:: Recorded data

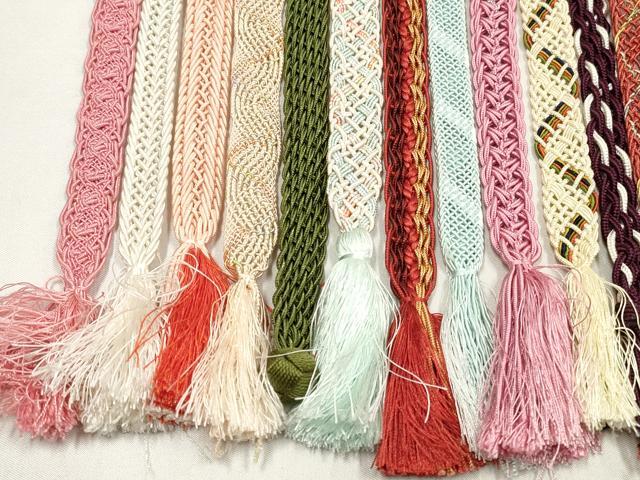 平和屋着物＊夏物　和装小物　帯締め20本セット　レース織　金銀糸　ラメ糸　逸品　DABI0228xg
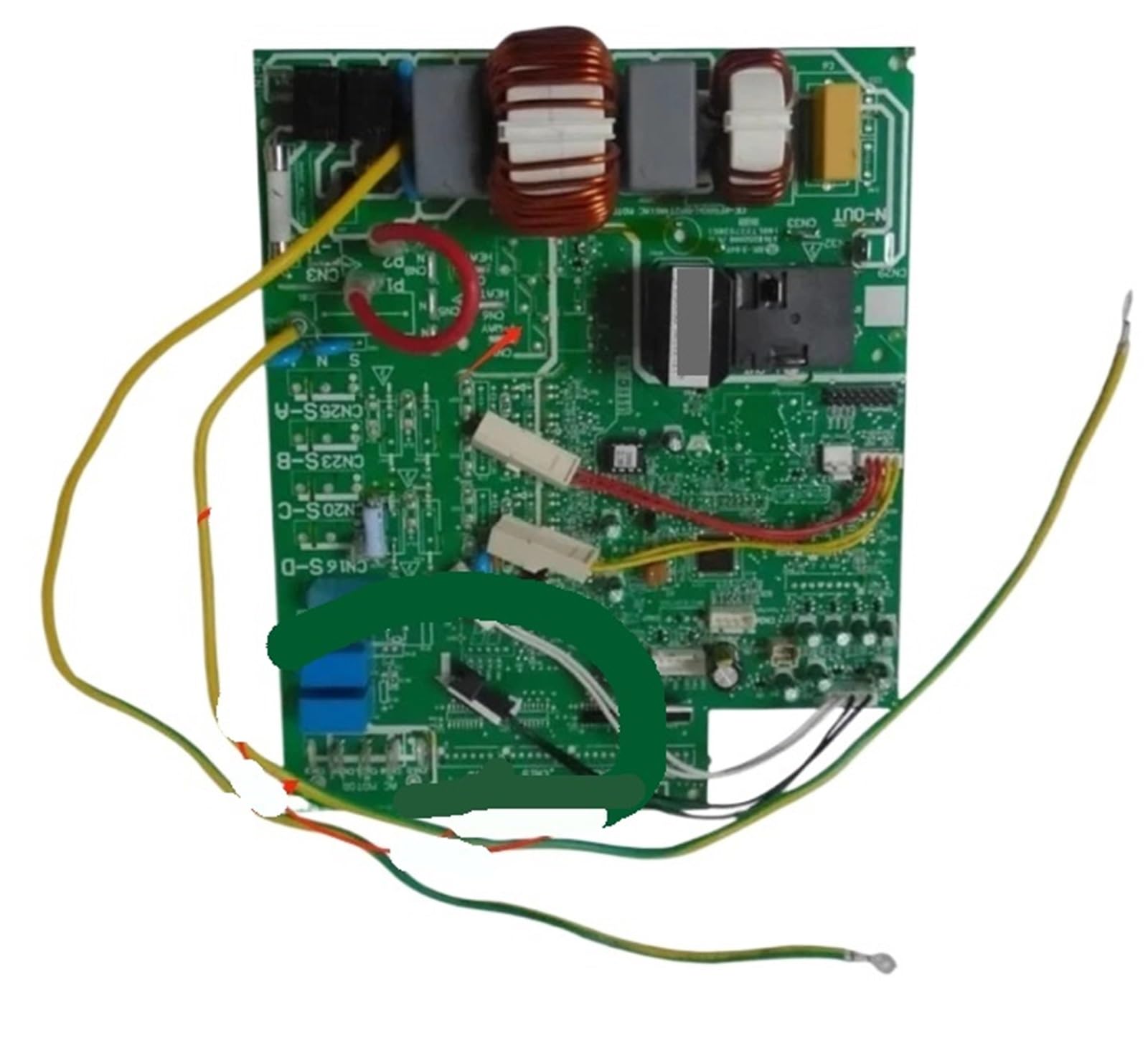 FKLSQYDU 1pcs Air Conditioner Control Board 17122000045097 17122300001076 CAKR-KF85W/BP2N1-CA80 CE-KFR80W/BP2T4N1 AC MOTOR-310(A Board)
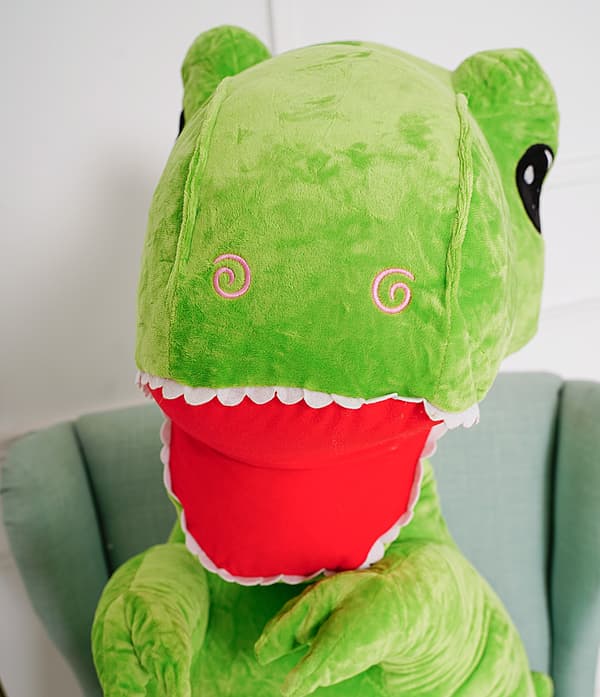 Dinosaurie Edi 60cm - grön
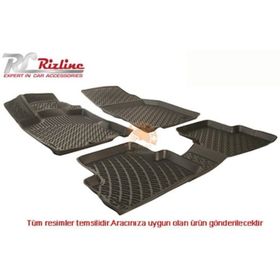 Rizline Citroen Berlingo 110 HP 2008 Sonrası Siyah 3D Havuzlu Paspas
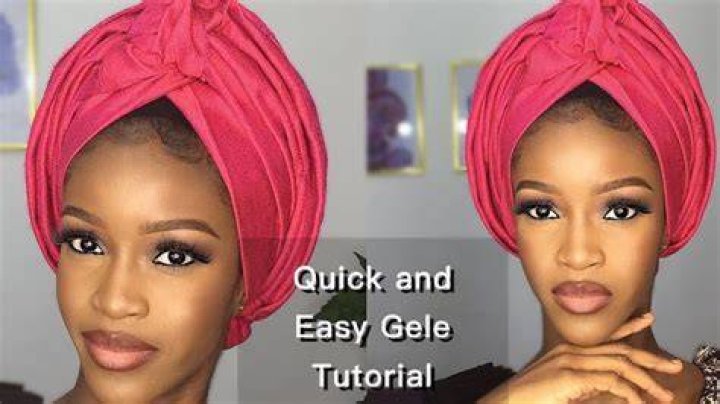 GELE TUTORIAL HOW TO TIE GELE FOR BEGINNERS (DETAILED) YouTube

::::

**Problem to solve:**
Could you set down the records above word for word, without any of the pictures?

**Reply:**
 平和屋着物＊夏物　和装小物　帯締め20本セット　レース織　金銀糸　ラメ糸　逸品　DABI0228xg
 FKLSQYDU 1pcs Air Conditioner Control Board 17122000045097 17122300001076 CAKR-KF85W/BP2N1-CA80 CE-KFR80W/BP2T4N1 AC MOTOR-310(A Board)
 Dinosaurie Edi 60cm - grön
 Rizline Citroen Berlingo 110 HP 2008 Sonrası Siyah 3D Havuzlu Paspas
 GELE TUTORIAL HOW TO TIE GELE FOR BEGINNERS (DETAILED) YouTube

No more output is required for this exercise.